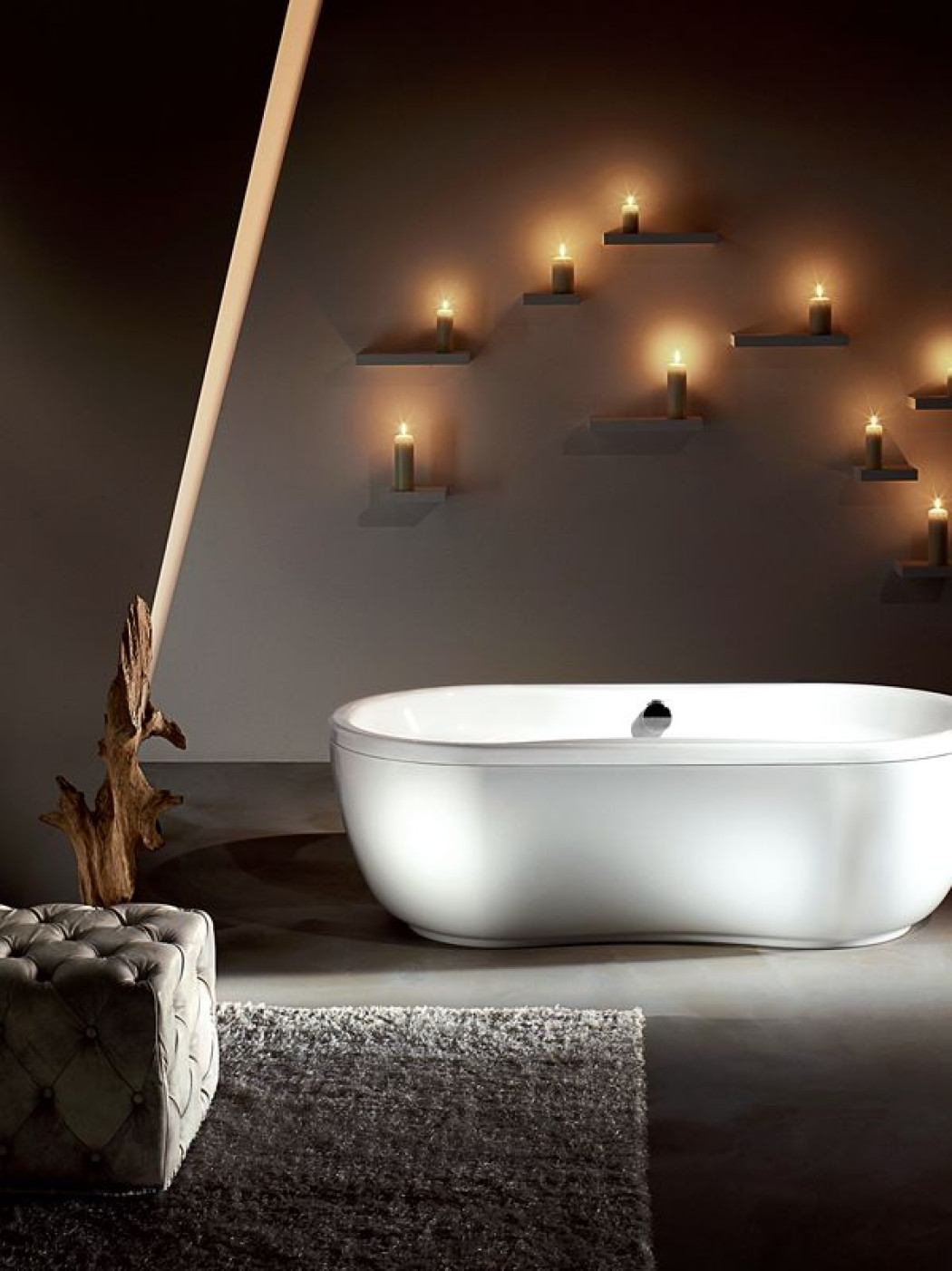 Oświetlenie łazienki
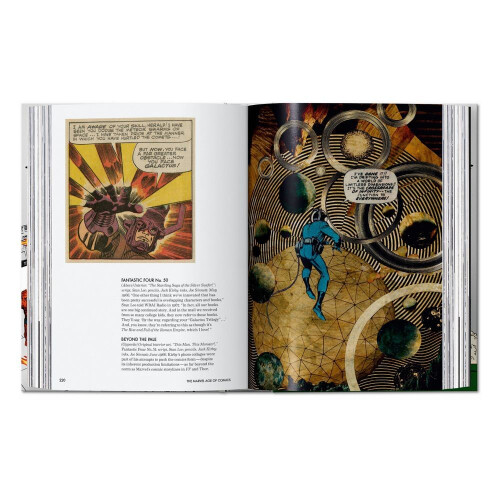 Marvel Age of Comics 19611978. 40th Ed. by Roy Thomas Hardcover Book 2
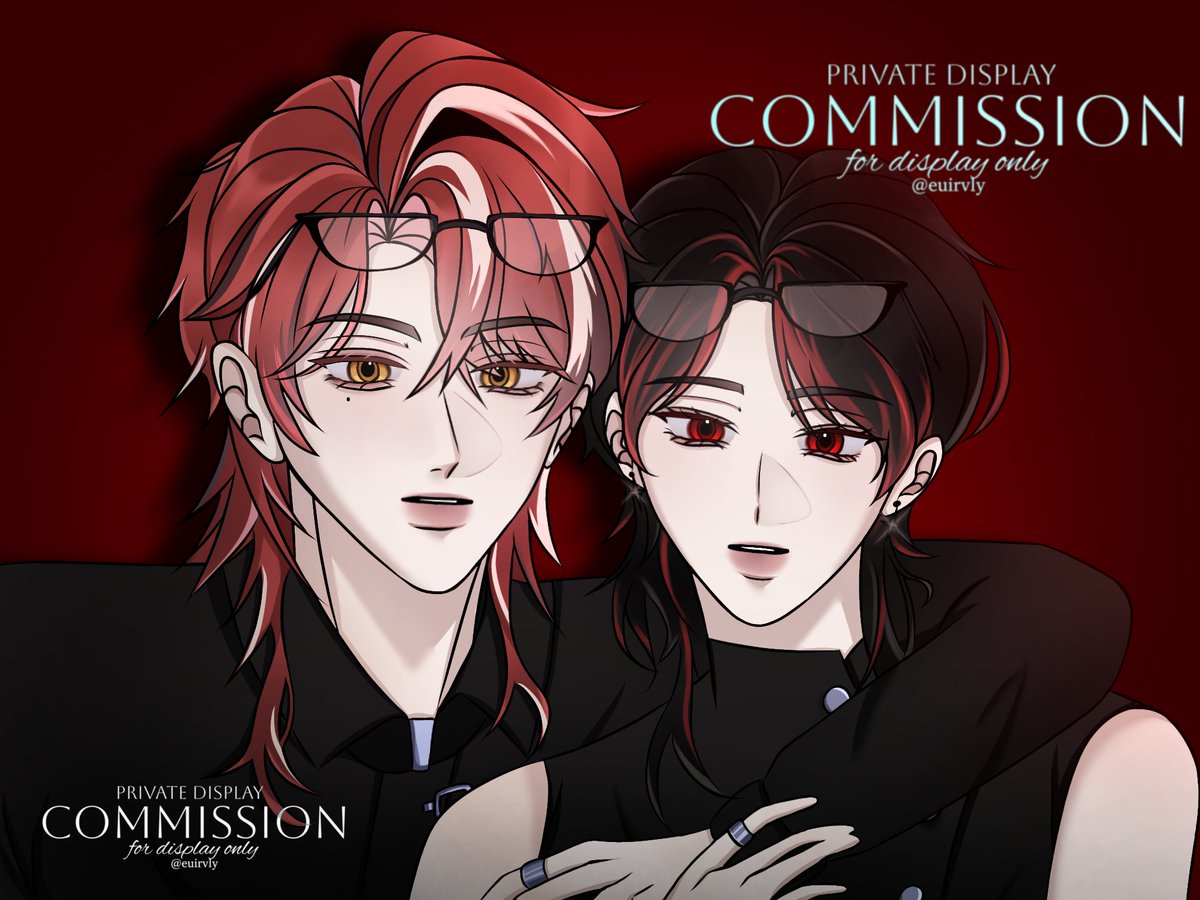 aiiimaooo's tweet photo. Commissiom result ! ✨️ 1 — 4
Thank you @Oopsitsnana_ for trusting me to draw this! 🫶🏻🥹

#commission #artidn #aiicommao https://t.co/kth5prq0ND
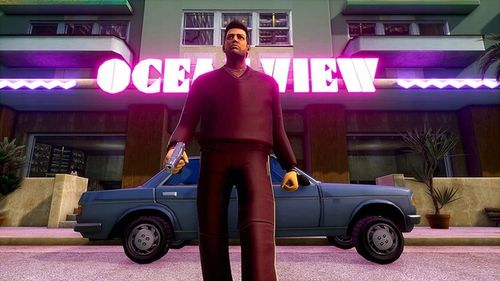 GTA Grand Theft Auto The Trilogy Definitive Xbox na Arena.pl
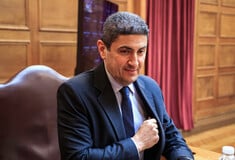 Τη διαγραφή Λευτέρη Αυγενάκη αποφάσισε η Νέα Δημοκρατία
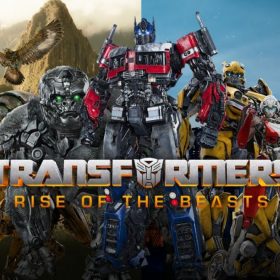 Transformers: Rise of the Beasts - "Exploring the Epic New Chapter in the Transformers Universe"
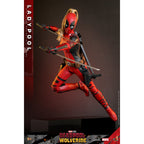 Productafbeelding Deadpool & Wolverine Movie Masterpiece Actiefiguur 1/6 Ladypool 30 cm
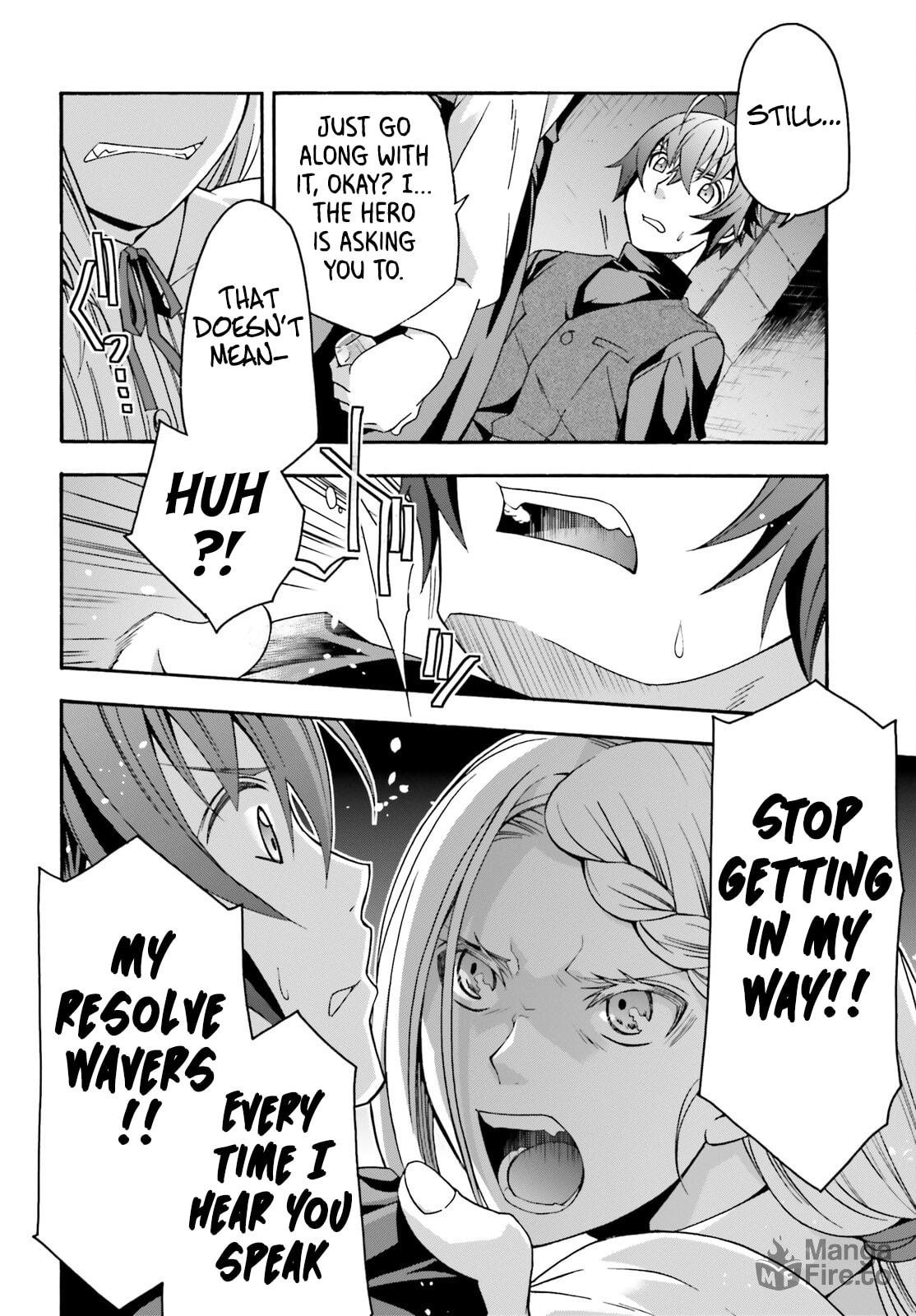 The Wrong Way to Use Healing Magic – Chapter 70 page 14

**Work required**
Using the records above, return verbatim only the part that opens with the line containing "#commission #artidn #aiicommao" and closes with the line containing "Productafbeelding Deadpool &"; pictures stay out.

**Output of the task**
#commission #artidn #aiicommao https://t.co/kth5prq0ND
 GTA Grand Theft Auto The Trilogy Definitive Xbox na Arena.pl
 Τη διαγραφή Λευτέρη Αυγενάκη αποφάσισε η Νέα Δημοκρατία
 Transformers: Rise of the Beasts - "Exploring the Epic New Chapter in the Transformers Universe"
 Productafbeelding Deadpool & Wolverine Movie Masterpiece Actiefiguur 1/6 Ladypool 30 cm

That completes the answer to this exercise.